For all of these technical-assistance orders (stored data and data in motion), there’s a limitation: the provider that receives the order must decrypt “unless the independent actions of an unaffiliated entity make it technically impossible to do so” – i.e., unless the data was encrypted by somebody else, not the provider.
So what would this mean if the bill were enacted? No longer will Facebook be allowed to respond that they lack the ability to decrypt WhatsApp messages; no longer will Apple be allowed to say they don’t have the ability to unlock an iPhone. If this bill passes, they will have to redesign those products so that they are able to decrypt. What’s more, Mozilla and Cloudflare better look out, too: Senator Graham didn’t forget about HTTPS and DNS over HTTPS. The encryption debate has been pretty much entirely about locked devices and E2EE messaging apps. Encrypted metadata has rarely been raised as a problem by U.S. law enforcement. And yet, the bill’s decryptability requirement also applies to metadata, in the context of technical-assistance orders under the Pen Register statute.

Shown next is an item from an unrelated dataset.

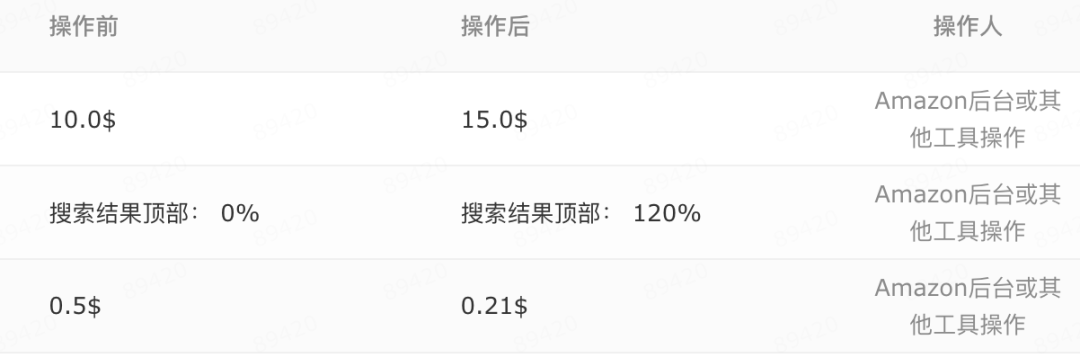 亞馬遜廣告優化一定要做的事情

What if a provider hasn’t already designed a decryption capability? In that case, the Attorney General can simply command it to build one, using what’s called an “assistance capability directive.” (If it does already have that capability, the AG can use the directive to command it to maintain it.) That isn’t limited to the million-plus club; any provider can be served with such a directive. That is, the “big” providers have to proactively design for decryptability, and the “little guys” with less than a million U.S. users better gird their loins. (But unlike proactive redesigns, providers do get compensated for the cost of developing a capability in response to a notice, so at least they’ve got that going for them.) The provider can challenge the directive in court, but if the court upholds the directive (in whole or in part) and orders the provider to comply, then any refusal by the provider to comply with the order will constitute contempt of court.
To create a decryption capability, providers are allowed to farm the work out to contractors, but the contractor must be U.S.-based. (Sorry, Cellebrite.)
By the way, all this stuff about search warrants and pen registers and wiretaps is the part of the bill that pertains to domestic law enforcement surveillance. This whole regime of mandating decryptability also applies to electronic surveillance under the Foreign Intelligence Surveillance Act. This is a national security bill, not just a domestic surveillance backdoor bill. I’m going to admit, though, that I am an ignorant dunce about FISA, so I’m going to wait for someone who knows FISA better than I do to explain the bill’s ramifications for FISA surveillance. But at first glance, it looks like it goes even further than the domestic provisions do. Which is even scarier.
Oh, and because we have to gamify everything including your privacy, the bill also includes a prize competition “to incentivize and encourage research and innovation into solutions providing law enforcement access to encrypted data pursuant to legal process.” The prize can be (but need not be) awarded to “technological solutions that provide law enforcement access to encrypted data pursuant to legal process.” Why? Why bother? That prize only makes sense in the current environment, where there is no backdoor mandate and the DOJ has spent years complaining that not enough academics are doing the DOJ’s work for them by trying to come up with a secure golden backdoor key. If you pass a law forcing providers to figure out how to come up with a lawful-access mechanism, and at the same time prohibit the government from making providers adopt any particular solution that somebody might invent, then the need to incentivize this research goes away! It’s like passing a law mandating that everybody’s house has to be made out of super-fragile, highly transparent glass, so that the police can see what everybody is doing inside their homes and easily break down somebody’s wall if they see something they don’t like, and then creating a prize for the glazier whose glass doesn’t give the cops an owie when it shatters. The prize just doesn’t matter anymore once the mandate is in place.
The Domino Effect
God, what a mess. Essentially, this bill is CALEA for electronic devices and The Internet. Weirdly, though, the bill is so poorly-drafted that it closes only the encryption carve-out in CALEA, Section 1002(b)(3), not the carve-out for “information services,” Section 1002(b)(2). Equally weirdly, much of this bill could have been achieved by amending the CALEA statute, but instead it spreads out its provisions among various parts of the U.S. Code. (Including in places where they don’t belong: the bill adds a technical-assistance provision to the Stored Communications Act, bringing it in line with its ECPA brethren the Wiretap Act and the Pen Register Act; but the bill doesn’t amend the part of the SCA where you’d expect that provision to go, instead adding it into the section of the U.S. Code about searches and seizures.)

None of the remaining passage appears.